App security is one of those things that tends to get overlooked. Sometimes the developers get away with it and sometimes, such as this year’s Conservative Party Conference, they don’t. A security and data breach at the core of an app that had been designed specifically for the conference itself overshadowed a large chunk of the conference, creating press coverage no party would find politically expedient.
Usually, it’s the event hire people, the security and the politicians who have to be on their game at a big political event. But in the 21st century, the software developers do too. The app created for Conservative Party Conference was designed to offer floor plans, schedules and provide a platform for feedback to everyone attending the event.
Unfortunately, during the conference, some users noticed that it seemed possible to view and edit the data of other users who had created profiles on the app. This meant that high profile politicians had their personal data breached and edited on the platform, as well as ordinary people in attendance. Essentially anyone with an email address could sign up and access the data.
Developers of the app Crowd Comms were quick to admit the error, but it’s bewildering that a professional development firm could make such glaring errors. The party may have breached GDPR laws, and the Information Commissioner’s Office is already set to investigate the matter.

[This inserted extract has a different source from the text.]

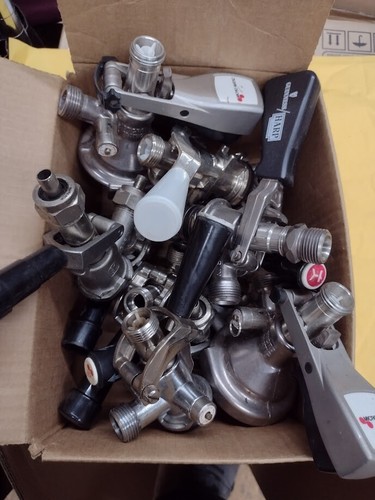 Keg coupler grab - (12),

Is app security too often an afterthought?
Mark Noctor, VP EMEA at Arxan Technologies, believes that regulations should be in place to make app security a requirement rather than something that can just be tacked on at the end. It does increasingly seem like app developers are leaving these things until the end and essentially turning them into afterthoughts.
Important aspects of app security
Secured code from the ground up
For security to work the way we all want it to, it has to be built into the code of the app from day one. It can’t be an afterthought because then it probably won’t offer the comprehensive security that we all want and expect from the apps we use.
Identification, authentication and authorisation
These three things need to be at the core of any approach to app security, and they clearly weren’t for the app designed for the Conservative Party Conference. When your app can offer identification, authentication and authorisation, problems will be less likely to occur.
Mobile encryption policies
Customer data should be a key priority for anyone developing an app. The best way to ensure customer data will be safe no matter what is to use mobile encryption policies, making the leaking of sensitive data near to impossible.
Finally, the testing process needs to be as robust as it possibly can be. When you test at an properly, you will find the flaws in it before it reaches the end user. That way, they can be protected from those early flaws and glitches that might be present.
This particular instance of lacking app security is just one of many, and the people making these mistakes aren’t amateurs. So it’s time people in the industry starting integrating security features from the start of development and not as an additional afterthought at the end.